#### Exercise instructions:
Starting at the line that contains "Hotel Milan Speranza Au Stresa" and stopping after the line that contains "Gaun Natal Karya", transcribe the listing below exactly; do not include any pictures.

#### Records provided:
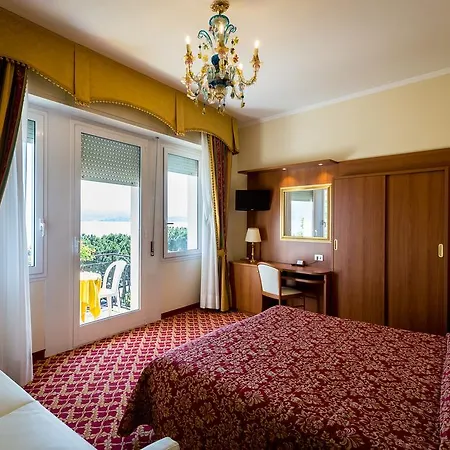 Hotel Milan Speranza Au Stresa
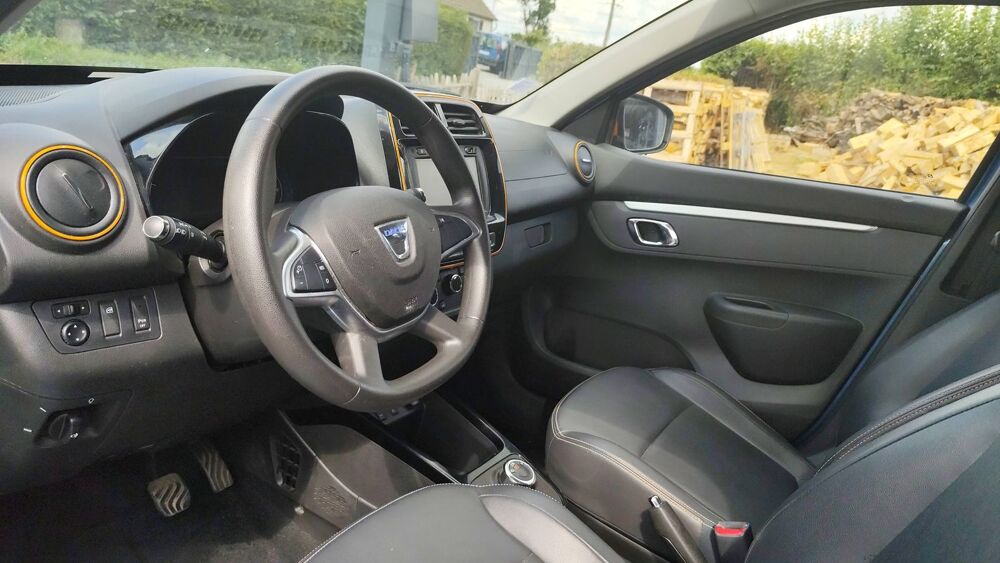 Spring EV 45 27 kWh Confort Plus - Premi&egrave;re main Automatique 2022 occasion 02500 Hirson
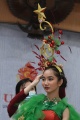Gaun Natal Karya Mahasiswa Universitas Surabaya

---

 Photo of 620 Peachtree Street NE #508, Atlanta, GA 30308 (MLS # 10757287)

---

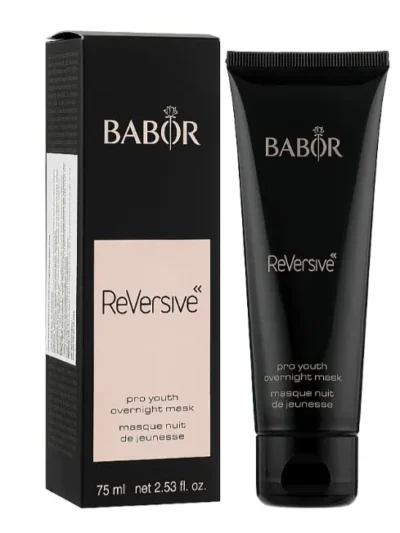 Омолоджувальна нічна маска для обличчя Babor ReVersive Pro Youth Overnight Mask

#### Written solution:
 Hotel Milan Speranza Au Stresa
 Spring EV 45 27 kWh Confort Plus - Premi&egrave;re main Automatique 2022 occasion 02500 Hirson
Gaun Natal Karya Mahasiswa Universitas Surabaya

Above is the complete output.